Resource allocation in buffered crossbar switches for supporting network virtualization

Network virtualization has been proposed as a diversifying attribute of the future inter-networking paradigm. By allowing multiple heterogeneous network architectures to cohabit on a shared physical substrate, network virtualization provides flexibility, promotes diversity, and promises increased manageability. One of the most fundamental issues in network virtualization is to support multiple virtual networks in the packet switches that constitute the underlying network infrastructures. A key challenge to supporting network virtualization in switches lies in resource allocation for meeting the performance requirements of different virtual networks. Buffered crossbar is becoming one of the dominating switch architectures widely deployed in network infrastructures. Therefore, how to support network virtualization in buffered crossbar switches becomes a significant research problem. The research study presented in this paper addresses the problem of resource allocation in buffered crossbar switches for supporting network virtualization.

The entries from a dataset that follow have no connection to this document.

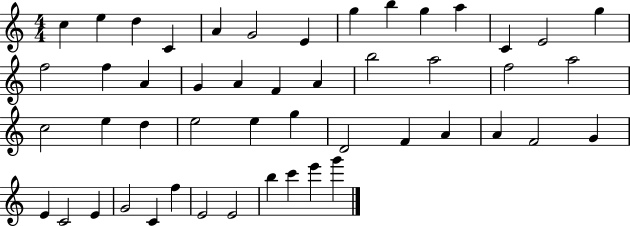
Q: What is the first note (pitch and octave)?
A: C5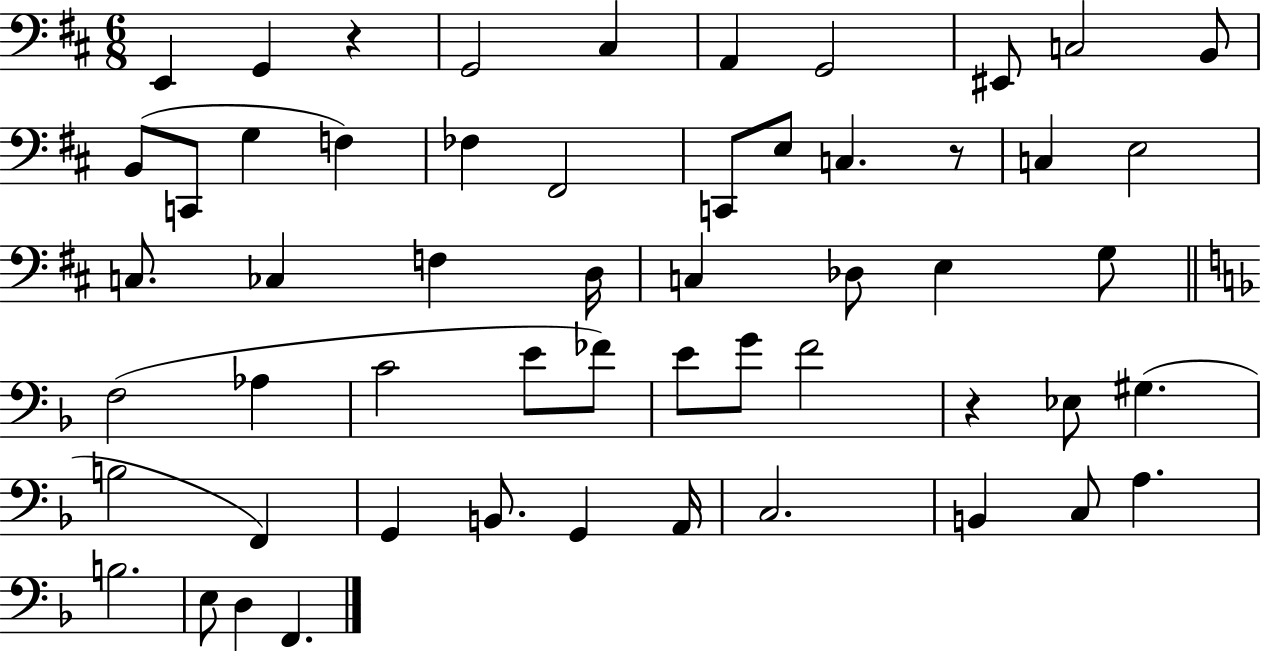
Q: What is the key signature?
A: D major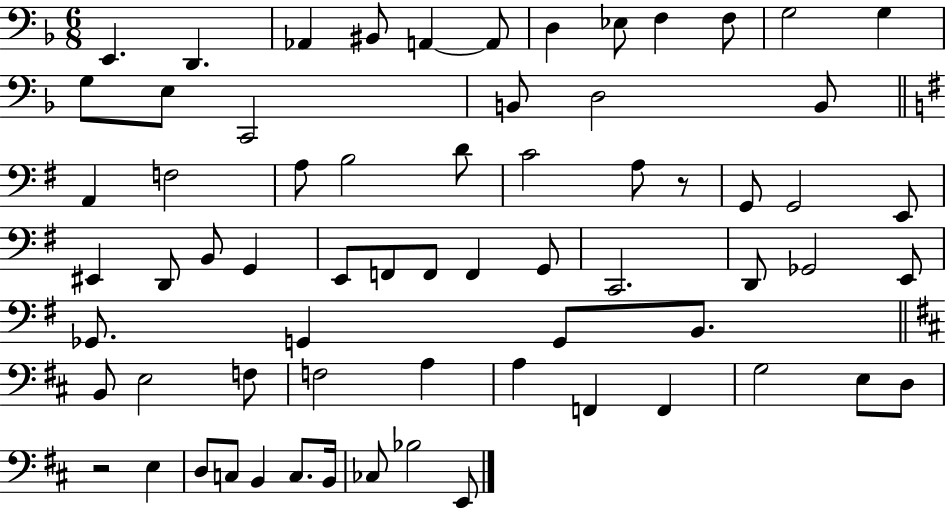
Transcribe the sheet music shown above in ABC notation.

X:1
T:Untitled
M:6/8
L:1/4
K:F
E,, D,, _A,, ^B,,/2 A,, A,,/2 D, _E,/2 F, F,/2 G,2 G, G,/2 E,/2 C,,2 B,,/2 D,2 B,,/2 A,, F,2 A,/2 B,2 D/2 C2 A,/2 z/2 G,,/2 G,,2 E,,/2 ^E,, D,,/2 B,,/2 G,, E,,/2 F,,/2 F,,/2 F,, G,,/2 C,,2 D,,/2 _G,,2 E,,/2 _G,,/2 G,, G,,/2 B,,/2 B,,/2 E,2 F,/2 F,2 A, A, F,, F,, G,2 E,/2 D,/2 z2 E, D,/2 C,/2 B,, C,/2 B,,/4 _C,/2 _B,2 E,,/2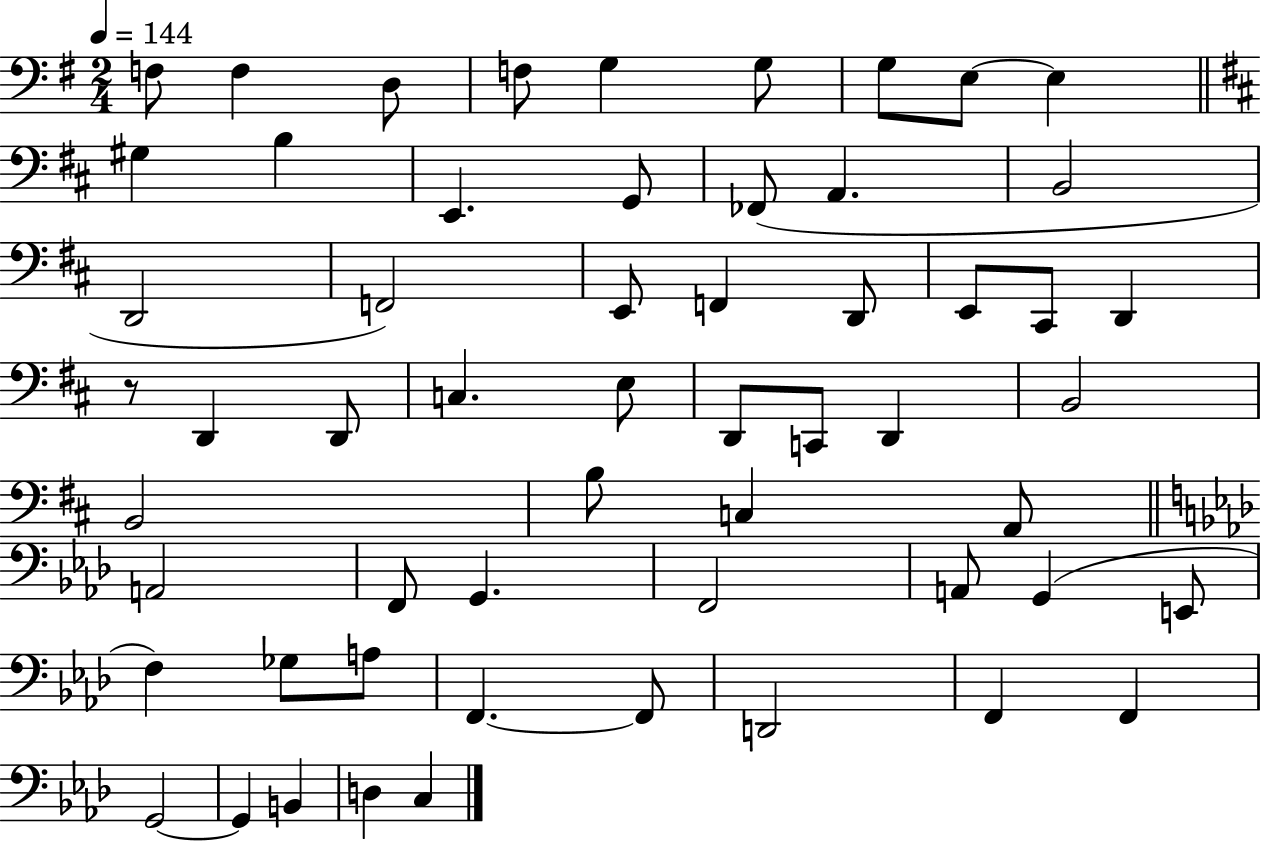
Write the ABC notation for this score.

X:1
T:Untitled
M:2/4
L:1/4
K:G
F,/2 F, D,/2 F,/2 G, G,/2 G,/2 E,/2 E, ^G, B, E,, G,,/2 _F,,/2 A,, B,,2 D,,2 F,,2 E,,/2 F,, D,,/2 E,,/2 ^C,,/2 D,, z/2 D,, D,,/2 C, E,/2 D,,/2 C,,/2 D,, B,,2 B,,2 B,/2 C, A,,/2 A,,2 F,,/2 G,, F,,2 A,,/2 G,, E,,/2 F, _G,/2 A,/2 F,, F,,/2 D,,2 F,, F,, G,,2 G,, B,, D, C,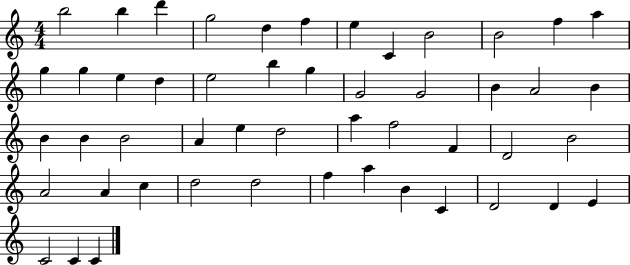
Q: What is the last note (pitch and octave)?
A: C4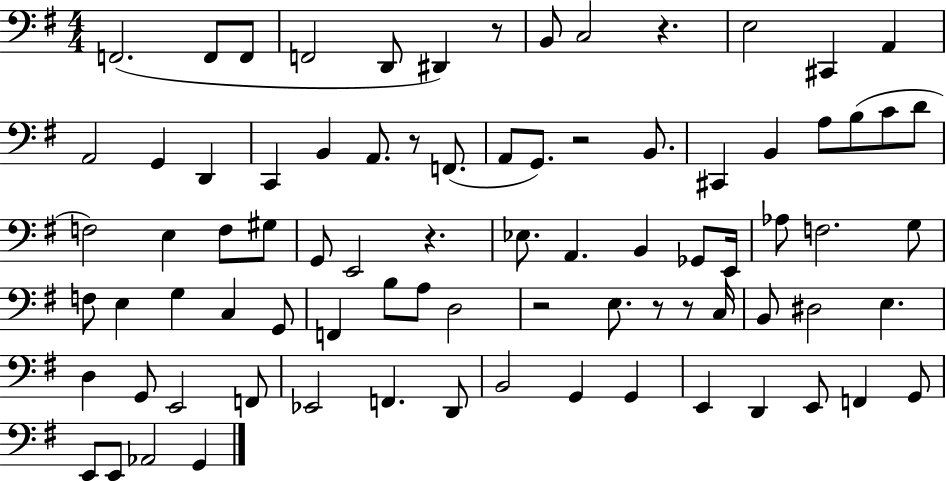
F2/h. F2/e F2/e F2/h D2/e D#2/q R/e B2/e C3/h R/q. E3/h C#2/q A2/q A2/h G2/q D2/q C2/q B2/q A2/e. R/e F2/e. A2/e G2/e. R/h B2/e. C#2/q B2/q A3/e B3/e C4/e D4/e F3/h E3/q F3/e G#3/e G2/e E2/h R/q. Eb3/e. A2/q. B2/q Gb2/e E2/s Ab3/e F3/h. G3/e F3/e E3/q G3/q C3/q G2/e F2/q B3/e A3/e D3/h R/h E3/e. R/e R/e C3/s B2/e D#3/h E3/q. D3/q G2/e E2/h F2/e Eb2/h F2/q. D2/e B2/h G2/q G2/q E2/q D2/q E2/e F2/q G2/e E2/e E2/e Ab2/h G2/q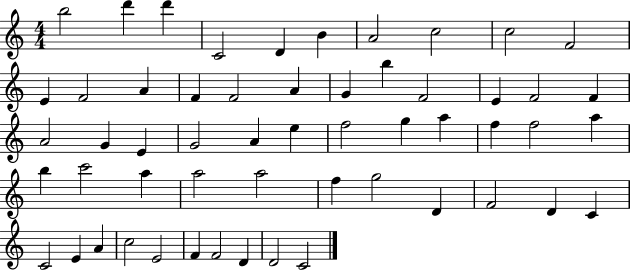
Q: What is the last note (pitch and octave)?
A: C4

The main contributions of this paper include an analytical model for traffic control in buffered crossbar switches to support network virtualization and the analysis techniques for allocating resources, including processing capacity and buffer space, in the switch for supporting the performance requirements of various virtual networks. The modeling and analysis techniques developed in this paper are general and flexible; thus are applicable to support heterogeneous virtual networks in buffered crossbar switches with various packet scheduling schemes.